Venus and the Moon Will "Snuggle Up" on Feb. 27
by Joe Rao on
To date it has been a superb winter for viewing the queen of the planets, Venus. February marks the pinnacle of its evening visibility as it stands like a sequined showgirl nearly halfway up in the western sky at sunset. Currently shining at its greatest brilliance for this apparition, this dazzling evening star appears as a distinct crescent shape in small telescopes, which is growing progressively larger in size as it approaches our Earth.
And be sure to get out your calendar and put a big circle around Friday, February 27, 2009, for that evening a lovely crescent Moon will appear to snuggle up close to Venus, particularly for skywatchers across the Western Hemisphere. It will make for an eye-catching scene as the two brightest sky objects of the night dominate the early evening scene for about three hours after sundown; even those who do not normally look up will likely have their attention drawn to this dynamic duo during their normal commute home from work or school. What will make this array especially attractive is the fact that it will look almost three-dimensional; the Moon will look almost like an eerily illuminated blue and yellow Christmas ball hovering next to the brilliant-white diamond that is Venus.
Sadly, this will be the last in the current series of evening get-togethers between the Moon and Venus, for during March Venus will slide rapidly down into the sunset glow and by month's end will disappear from our evening sky until the spring of 2010.
But again . . . Friday night, February 27 will be the night when the Americas will be greeted with one of the most beautiful Venus-crescent Moon conjunctions possible.
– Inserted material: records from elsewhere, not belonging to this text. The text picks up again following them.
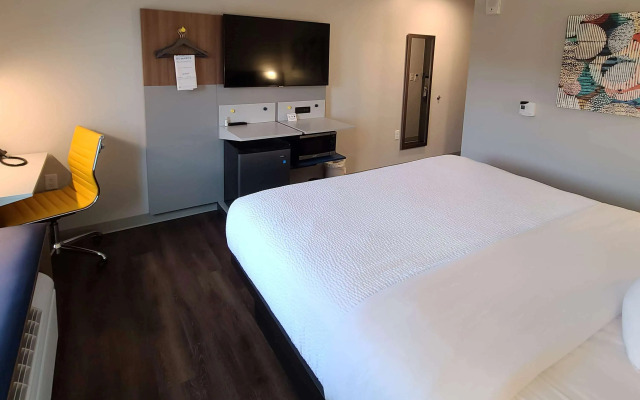 Microtel Inn & Suites by Wyndham Milford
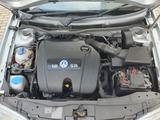 Volkswagen Golf 2.0 FSI Comfortline Automatik Comfortline - Volkswagen Golf: 0 Fsi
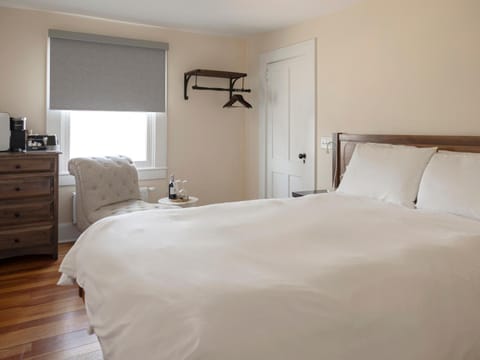 Lakehouse Inn Inn in Lenox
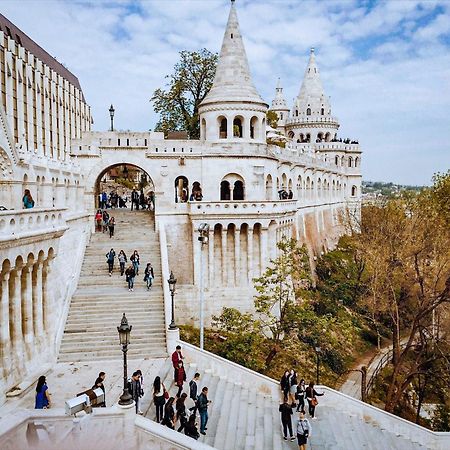 Chic Central 1Br Retreat Near New York Cafe With View Budapeste Exterior foto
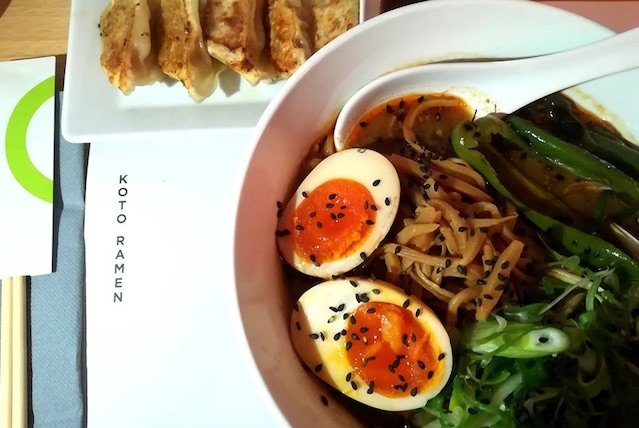 koto ramen firenze
https://www.facebook.com/kotoramenfirenze/photos/a.1045703288814413.1073741828.1044826032235472/1887128458005221/?type=3&theater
The pairing will persist from before sunset on into the depths of darkness. The time when Moon and planet will appear closest will be around 8:30 p.m. Eastern time (7:30 p.m. Central, 6:30 p.m. Mountain, and 5:30 p.m. Pacific). Venus will appear to hover approximately 1.5-degrees above and to the right of the 10-percent illuminated Moon (the Moon itself appears one-half degree in diameter). For cities situated in the Mountain time zone, the time of closest approach will come during evening twilight, while for those in the Pacific time zone it takes place around, or just prior to sunset.
From other places around the world, the pairing will appear a bit different primarily because the Moon appears to move much more rapidly against the background stars than Venus, and also because of the effect of parallax: different viewing angles from different points on our planet.
From Europe, for instance, Venus will appear to hover majestically about 4-degrees directly above the Moon at sunset. South Americans will see the Moon with Venus to its right; the pair low in the west-northwest at dusk and appearing to set side-by-side. From Australia, the Moon will be positioned far to the lower left of Venus on the evening of Feb. 27 and a somewhat similar distance to its upper right the following evening.
Finally, if you're watching with some friends, here's a trivia question you might want to pose to them: Of the two which do they believe is the brighter: Venus now at its peak brilliance or the three-day old Moon? The almanacs say that the Moon is 8.5 times (2.3 magnitudes) brighter, but because its light is not concentrated into a point like Venus, they may have a difficult time believing this!